WHAT IS NEEDED -> Copy each line of the following material exactly.

GIVEN MATERIAL ->
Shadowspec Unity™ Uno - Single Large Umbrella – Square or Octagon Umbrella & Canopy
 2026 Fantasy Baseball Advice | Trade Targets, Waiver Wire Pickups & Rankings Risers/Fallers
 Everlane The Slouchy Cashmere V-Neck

EXERCISE ANSWER ->
Shadowspec Unity™ Uno - Single Large Umbrella – Square or Octagon Umbrella & Canopy
 2026 Fantasy Baseball Advice | Trade Targets, Waiver Wire Pickups & Rankings Risers/Fallers
 Everlane The Slouchy Cashmere V-Neck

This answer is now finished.